Raiders head coach Tom Cable with JaMarcus Russell in 2009. Things worked out great.

Raiders head coach Tom Cable with JaMarcus Russell in 2009. Things worked out great.

The other NFL teams with head-coach openings have changed their Facebook statuses from “single” to “in a relationship,” leaving the 49ers as the final girl at the dance. In the process, the Niners’ options seem to have narrowed to a trio of candidates: Kyle Shanahan, Josh McDaniels and Tom Cable.

Yes, one of those names stands out like a broken jaw.

Tom Cable? Seriously? He’s supposed to interview with Jed York and Paraag Marathe on Sunday, and one NFL team is astounded. I’m not even talking about the Raiders.

Cable has coached the Seahawks’ offensive line since 2011 – basically, since he became the last coach Al Davis ever let go. (Technically, Cable wasn’t fired in Oakland; Davis did not renew his expired contract.) And in that time, the Seattle O-line has been an exploding Samsung Galaxy.

In Cable’s six years in Seattle, Pro Football Focus has awarded his lines the following NFL rankings, starting in 2011: 29th, 20th, 27th, 19th, 30th and 32nd. Unless the league has added several teams I don’t know about, those rankings fall somewhere between bleh and run-for-your-life-Russell-Wilson! And they got worse over time.

Not everyone trusts PFF’s individual ratings, because they fail to account for assignments. But these aren’t individual marks; they’re group rankings. It seems easier to determine whether a line got people blocked on any given play. Many times, Seattle’s has not.

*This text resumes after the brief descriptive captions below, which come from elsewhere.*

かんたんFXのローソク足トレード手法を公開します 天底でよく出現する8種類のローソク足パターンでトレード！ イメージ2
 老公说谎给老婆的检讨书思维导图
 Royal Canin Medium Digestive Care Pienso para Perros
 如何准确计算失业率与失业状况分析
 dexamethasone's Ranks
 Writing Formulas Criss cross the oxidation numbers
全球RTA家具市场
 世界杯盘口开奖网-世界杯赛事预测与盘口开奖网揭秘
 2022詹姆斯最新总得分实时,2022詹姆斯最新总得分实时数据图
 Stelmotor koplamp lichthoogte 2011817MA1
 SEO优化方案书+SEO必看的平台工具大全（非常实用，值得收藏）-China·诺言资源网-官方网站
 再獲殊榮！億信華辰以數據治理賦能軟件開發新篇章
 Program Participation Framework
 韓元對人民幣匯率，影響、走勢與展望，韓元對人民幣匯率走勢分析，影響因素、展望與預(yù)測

Granted, the Seahawks have not invested much in their offensive line. In other words, they haven’t given Cable much to work with, and in a way you could take that as a vote of confidence. It’s like they think they can give Cable a bunch of beefy guys from the local InShape, a mile of athletic tape and some iPads, and ask him to create an offensive line. And the formula has largely worked. The Seahawks have played in two Super Bowl, and won one, with the big lug coaching the blocking schemes.

Taking bad players and molding them into a bad offensive line isn’t exactly something to turn into a bullet point on your employment cover letter, but I’m willing to concede that Cable is a good position coach. He is well respected and liked by his position players, though he lacks a larger vision and temperament and OH MY GOD HE’S JIM TOMSULA.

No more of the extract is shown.